Surreptitious music
The night air is a blend of the strains of piano music- very likely Chopin's Nocturne in E flat- and the distant rumble of thunder, sleepy, like the cats with half-closed eyes. Apart from the stealthy pianist and her snotty feline audience, there is no one else at home.In stealth she plays, furtively; like rag dolls, My Little Ponies and Action Figures come alive at night, long after all other members of the household have fallen deep into sleep, like school girls on a midnight feast- clandestine and secretive. It is the only way she will have it, the stealthy closet pianist.
That was I, the pianist-only-when-no-one’s-looking.
And yet, the fingers have their reason reserve knows not of. A new piano has just been placed at the newly opened tuckshop extension, and has immediately become a source of delight for students. Piano performing diploma holders, Richard Clayderman fans, Chopsticks players alike find they have to have their tuckshop-piano moments.
And so do I, the pianist-only-when-no-one’s-looking.
I have touched those keys but once, one late school day when there was nobody but the odd student around.

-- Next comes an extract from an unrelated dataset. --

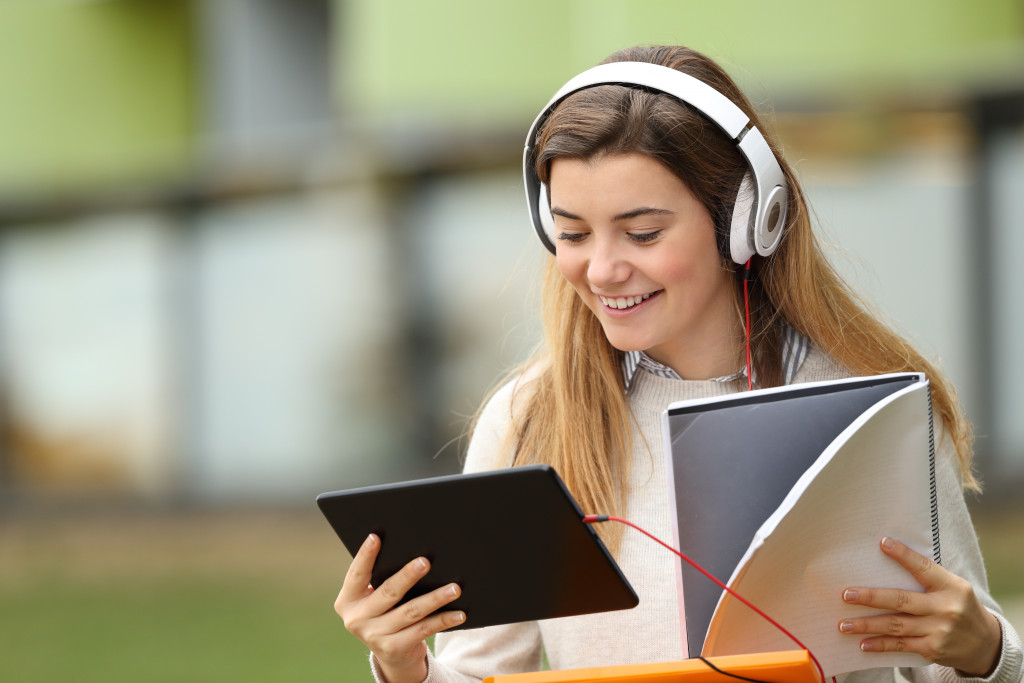 A smiling woman attending an online class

It mattered little that I have a piano at home I can play anytime, very often to an audience of two cats; touching those keys was just not the same. Yet it was almost essential, instinctive: the only reason my fingers know of the piano’s presence is connection- what meaning otherwise?
And so it is with this blog. After a year of being a faithful blog skulker, leaving the odd hint here and there of my presence in the form of the rare comment, after months of wanting to participate in Blogging by Mail, Book Swaps, IMBBs, SHFs and WCBs, even this stealthy keyboardist just had to brave the challenges of the animate audience, the less-familiar keyboard.